[Opening RECORDS SHOWN section]

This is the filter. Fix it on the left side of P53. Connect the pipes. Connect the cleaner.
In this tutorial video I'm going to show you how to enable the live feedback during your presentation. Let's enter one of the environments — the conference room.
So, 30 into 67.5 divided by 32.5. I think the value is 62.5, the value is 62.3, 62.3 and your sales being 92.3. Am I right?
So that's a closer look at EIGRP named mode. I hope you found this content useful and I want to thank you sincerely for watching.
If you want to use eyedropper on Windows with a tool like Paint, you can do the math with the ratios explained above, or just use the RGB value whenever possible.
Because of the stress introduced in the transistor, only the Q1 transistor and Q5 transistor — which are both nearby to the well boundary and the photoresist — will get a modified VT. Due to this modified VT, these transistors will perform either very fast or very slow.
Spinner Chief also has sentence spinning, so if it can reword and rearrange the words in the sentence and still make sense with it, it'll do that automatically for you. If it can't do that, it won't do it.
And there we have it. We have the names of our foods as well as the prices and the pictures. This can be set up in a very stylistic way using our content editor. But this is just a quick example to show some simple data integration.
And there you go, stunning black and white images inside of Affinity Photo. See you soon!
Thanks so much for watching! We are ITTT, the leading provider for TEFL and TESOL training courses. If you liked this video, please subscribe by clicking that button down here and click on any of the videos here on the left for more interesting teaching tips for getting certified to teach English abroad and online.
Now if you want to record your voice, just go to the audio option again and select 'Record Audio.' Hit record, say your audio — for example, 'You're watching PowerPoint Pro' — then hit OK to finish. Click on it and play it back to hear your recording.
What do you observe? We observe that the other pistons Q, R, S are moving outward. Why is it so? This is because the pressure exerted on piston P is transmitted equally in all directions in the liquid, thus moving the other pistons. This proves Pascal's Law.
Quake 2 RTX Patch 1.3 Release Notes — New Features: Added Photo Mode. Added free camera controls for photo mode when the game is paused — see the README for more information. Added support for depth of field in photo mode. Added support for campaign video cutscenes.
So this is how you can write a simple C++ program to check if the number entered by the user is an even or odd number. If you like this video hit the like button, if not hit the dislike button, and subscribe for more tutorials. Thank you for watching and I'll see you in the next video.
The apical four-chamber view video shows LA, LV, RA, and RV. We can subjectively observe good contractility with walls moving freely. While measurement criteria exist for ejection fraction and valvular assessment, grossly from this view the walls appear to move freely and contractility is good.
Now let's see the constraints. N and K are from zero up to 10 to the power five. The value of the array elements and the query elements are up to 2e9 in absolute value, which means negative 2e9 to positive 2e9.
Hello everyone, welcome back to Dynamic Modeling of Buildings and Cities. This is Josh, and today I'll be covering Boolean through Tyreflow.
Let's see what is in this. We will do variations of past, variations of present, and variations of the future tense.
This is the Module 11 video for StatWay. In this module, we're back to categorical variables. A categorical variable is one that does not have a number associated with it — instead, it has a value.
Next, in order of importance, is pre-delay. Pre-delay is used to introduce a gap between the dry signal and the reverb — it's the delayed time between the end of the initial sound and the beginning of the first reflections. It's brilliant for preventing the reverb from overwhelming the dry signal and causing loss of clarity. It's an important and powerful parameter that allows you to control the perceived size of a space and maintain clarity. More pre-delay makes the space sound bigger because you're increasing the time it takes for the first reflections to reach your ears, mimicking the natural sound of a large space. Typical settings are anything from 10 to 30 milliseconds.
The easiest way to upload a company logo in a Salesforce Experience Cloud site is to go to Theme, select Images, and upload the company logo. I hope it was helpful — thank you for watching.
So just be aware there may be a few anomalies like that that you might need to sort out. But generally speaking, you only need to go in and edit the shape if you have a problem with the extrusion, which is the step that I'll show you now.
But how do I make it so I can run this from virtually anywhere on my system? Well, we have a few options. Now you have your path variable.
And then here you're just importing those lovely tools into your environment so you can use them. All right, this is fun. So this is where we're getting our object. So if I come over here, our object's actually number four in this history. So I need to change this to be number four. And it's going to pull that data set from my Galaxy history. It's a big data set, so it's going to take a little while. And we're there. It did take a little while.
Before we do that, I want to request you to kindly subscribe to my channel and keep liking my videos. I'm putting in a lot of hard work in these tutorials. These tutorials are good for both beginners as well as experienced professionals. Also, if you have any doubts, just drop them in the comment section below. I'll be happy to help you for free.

[Closing RECORDS SHOWN section]

» INSTRUCTIONS TO FOLLOW: The answer must be the full listing, returned exactly as given.

» WRITTEN ANSWER:
This is the filter. Fix it on the left side of P53. Connect the pipes. Connect the cleaner.
In this tutorial video I'm going to show you how to enable the live feedback during your presentation. Let's enter one of the environments — the conference room.
So, 30 into 67.5 divided by 32.5. I think the value is 62.5, the value is 62.3, 62.3 and your sales being 92.3. Am I right?
So that's a closer look at EIGRP named mode. I hope you found this content useful and I want to thank you sincerely for watching.
If you want to use eyedropper on Windows with a tool like Paint, you can do the math with the ratios explained above, or just use the RGB value whenever possible.
Because of the stress introduced in the transistor, only the Q1 transistor and Q5 transistor — which are both nearby to the well boundary and the photoresist — will get a modified VT. Due to this modified VT, these transistors will perform either very fast or very slow.
Spinner Chief also has sentence spinning, so if it can reword and rearrange the words in the sentence and still make sense with it, it'll do that automatically for you. If it can't do that, it won't do it.
And there we have it. We have the names of our foods as well as the prices and the pictures. This can be set up in a very stylistic way using our content editor. But this is just a quick example to show some simple data integration.
And there you go, stunning black and white images inside of Affinity Photo. See you soon!
Thanks so much for watching! We are ITTT, the leading provider for TEFL and TESOL training courses. If you liked this video, please subscribe by clicking that button down here and click on any of the videos here on the left for more interesting teaching tips for getting certified to teach English abroad and online.
Now if you want to record your voice, just go to the audio option again and select 'Record Audio.' Hit record, say your audio — for example, 'You're watching PowerPoint Pro' — then hit OK to finish. Click on it and play it back to hear your recording.
What do you observe? We observe that the other pistons Q, R, S are moving outward. Why is it so? This is because the pressure exerted on piston P is transmitted equally in all directions in the liquid, thus moving the other pistons. This proves Pascal's Law.
Quake 2 RTX Patch 1.3 Release Notes — New Features: Added Photo Mode. Added free camera controls for photo mode when the game is paused — see the README for more information. Added support for depth of field in photo mode. Added support for campaign video cutscenes.
So this is how you can write a simple C++ program to check if the number entered by the user is an even or odd number. If you like this video hit the like button, if not hit the dislike button, and subscribe for more tutorials. Thank you for watching and I'll see you in the next video.
The apical four-chamber view video shows LA, LV, RA, and RV. We can subjectively observe good contractility with walls moving freely. While measurement criteria exist for ejection fraction and valvular assessment, grossly from this view the walls appear to move freely and contractility is good.
Now let's see the constraints. N and K are from zero up to 10 to the power five. The value of the array elements and the query elements are up to 2e9 in absolute value, which means negative 2e9 to positive 2e9.
Hello everyone, welcome back to Dynamic Modeling of Buildings and Cities. This is Josh, and today I'll be covering Boolean through Tyreflow.
Let's see what is in this. We will do variations of past, variations of present, and variations of the future tense.
This is the Module 11 video for StatWay. In this module, we're back to categorical variables. A categorical variable is one that does not have a number associated with it — instead, it has a value.
Next, in order of importance, is pre-delay. Pre-delay is used to introduce a gap between the dry signal and the reverb — it's the delayed time between the end of the initial sound and the beginning of the first reflections. It's brilliant for preventing the reverb from overwhelming the dry signal and causing loss of clarity. It's an important and powerful parameter that allows you to control the perceived size of a space and maintain clarity. More pre-delay makes the space sound bigger because you're increasing the time it takes for the first reflections to reach your ears, mimicking the natural sound of a large space. Typical settings are anything from 10 to 30 milliseconds.
The easiest way to upload a company logo in a Salesforce Experience Cloud site is to go to Theme, select Images, and upload the company logo. I hope it was helpful — thank you for watching.
So just be aware there may be a few anomalies like that that you might need to sort out. But generally speaking, you only need to go in and edit the shape if you have a problem with the extrusion, which is the step that I'll show you now.
But how do I make it so I can run this from virtually anywhere on my system? Well, we have a few options. Now you have your path variable.
And then here you're just importing those lovely tools into your environment so you can use them. All right, this is fun. So this is where we're getting our object. So if I come over here, our object's actually number four in this history. So I need to change this to be number four. And it's going to pull that data set from my Galaxy history. It's a big data set, so it's going to take a little while. And we're there. It did take a little while.
Before we do that, I want to request you to kindly subscribe to my channel and keep liking my videos. I'm putting in a lot of hard work in these tutorials. These tutorials are good for both beginners as well as experienced professionals. Also, if you have any doubts, just drop them in the comment section below. I'll be happy to help you for free.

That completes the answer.